Nasırsız Eller

Bu hafta çıktığım arazi işlerinden birinde cuma namazı vakti bir köy kahvesınde oturuyoruz. Hoş beş derken her köyde olan tiplerden çenesi bol laf yapan 50-55 yaşlarında bir köylü, benimle beraber gelenlerden "almancı" lafını duydu.
-Olmaz , almancı denmez, almancı demek hem Almanya'dan dışlanmış , hem de Türkiye' den dışlanmış insan demektir.
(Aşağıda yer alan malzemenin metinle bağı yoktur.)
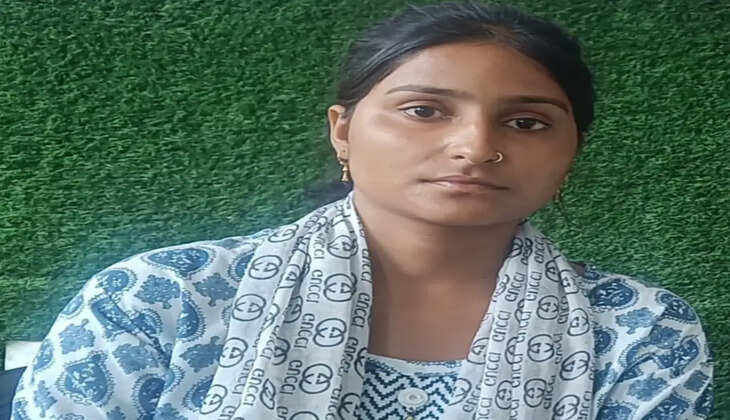 मुकदमा दर्ज होने के बाद भी नहीं थमा विवाद, पीड़ित परिवार ने उठाए सुरक्षा पर सवाल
Almancı diyeceğine Almanyalı deyin diye bir sav ortaya attı.

Sonra konu o köyün kenarından defalarca geçipte oraya uğramamaya , bilmemeye dayandı. Bu sefer de ben köyü tanımadığımı ama bir vesileyle gelip köy kahvesinde oturup çevreyi tanıdığımız söyledim.

Bu sefer vatandaş burada yarım saattir oturuyoruz da kimse çay söylemedi , ne biçim bir köy bu diye anlatırsınız dedi ve çayları söyledi.

Sonra başladı ellerimi incelemeye ve sordu . Sen ne iş yapıyorsun , ne maaş alıyorsun .
Ben de söyledim . Bende 300 dönüm tarla var . Onu sana vereyim , Sen bana her yıl yıllık maaşını ver dedi. Ben de tereddüt ettim. Aslında hemen olur demek lazımdı. ÇÜnkü daha sonra düşündüğümde mantıklı geldi. Daha karlı bir iş.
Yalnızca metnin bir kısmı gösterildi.